Negative phase shift in low pass RC filter but positive in high pass? In the context of pure capacitance circuit

Question

That there is a 90° phase shift where "current leads the voltage" in a "pure capacitance" circuit such as in schematic below, is easy to understand. It also fits 100% with the hydraulic analogy of it, an elastic rubber sheet. In both hydraulic and electric circuits, the current will flow when the voltage changes, and not at the peaks. It is the derivative of the voltage.

So, I am capable of understanding that.

But going from pure capacitance to RC filters, I read that:

"In the low-pass case, the output of the filter lags the input (negative phase shift); in the high-pass case the output leads the input (positive phase shift). " (source)

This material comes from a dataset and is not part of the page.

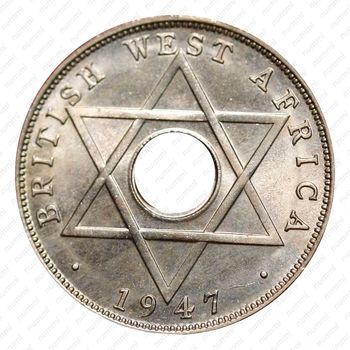 1/2 пенни 1947, H, знак монетного двора: "H" - Хитон, Бирмингем [Британская Западная Африка] - Реверс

This to me makes no sense, and I do not know where to start to make sense of it. There must be a very easy way to make sense of it, and so I figured I would ask. I understand high pass and low pass filters effect on the amplitude, e.g., why they are actual filters, and I understand them at a circuit level too. But, not why they would have reverse phase shift.

The phase shift curves used in examples seem to mix what parameters they show, but they all show the same thing. Some use Vs, voltage source, others Vc, the voltage at the capacitor, but those are equivalent in the context in my understanding (the capacitor reaches its fully charged state when Vs is at its peak. ) To simplify, I will use Vs, and then Io, the current measured at the output. In the low pass RC filter, and the "pure capacitance" circuit, the effect is the same. But, in the high pass RC filter, the measured current is in the reverse direction. But it must still be flowing from capacitor plate closest to Vs, and away from Vs, when Vs starts to decrease from its peak.

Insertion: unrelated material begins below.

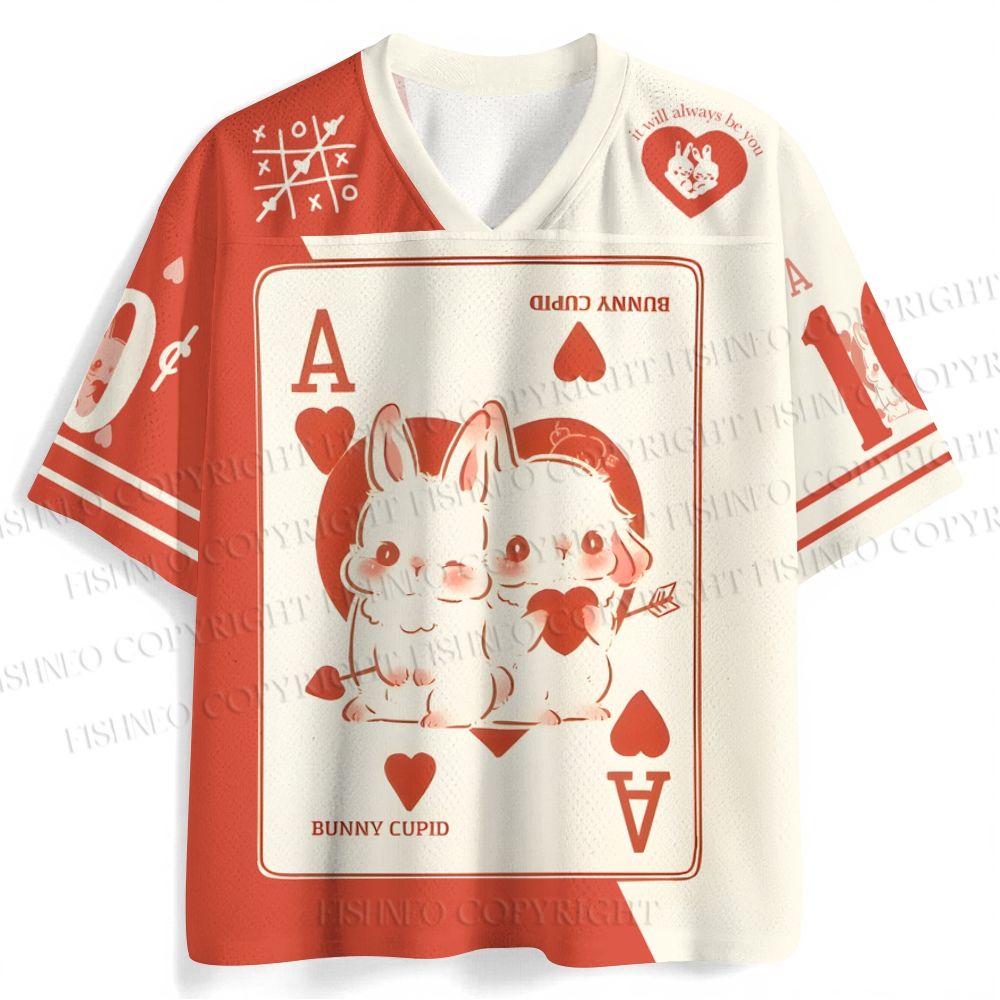 Bunny Cupid Poker Jersey Shirts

Based on the circuits for low pass and high pass RC filter, I do not understand why current measured at output is reverse in one case.

Based on my assumption that the current must be reversed since that is what it seems to measure, in a "pure inductance" circuit, the current is the opposite to "pure capacitance" because the inductor will oppose the current as the voltage is increasing towards positive peak, and then it will oppose decreasing the current. This makes the current “lag” behind the voltage. If a "high pass RC filter" has an output phase shift similar to an inductor, what is causing this? My source for the claim that it has is still this article.

Adding another image to explore why the current is reversed, I drew a little output circuit onto the schematic in the image above, for both low pass and high pass RC filters. And, specified a point t where a measurement is made. Unless I misunderstand something, it must be measuring the reverse current direction in either filter. Starting to get it now.

My interpretation is that Vc and Vs will cause currents to flow in opposite directions along output as shown in the circuits below.

This seems to be equivalent to these circuits, that measure opposite voltages at the output.

Edit: I finally understood, and posted an answer. The reason it was not directly intuitive to me was that the causes for the phase shift are entirely different in the low pass filter.

Answer 1

When you have a circuit with R and C in series, as a whole it does not matter which way they are connected, there are identical currents flowing in both circuits and it also means that voltages over the matching components are identical.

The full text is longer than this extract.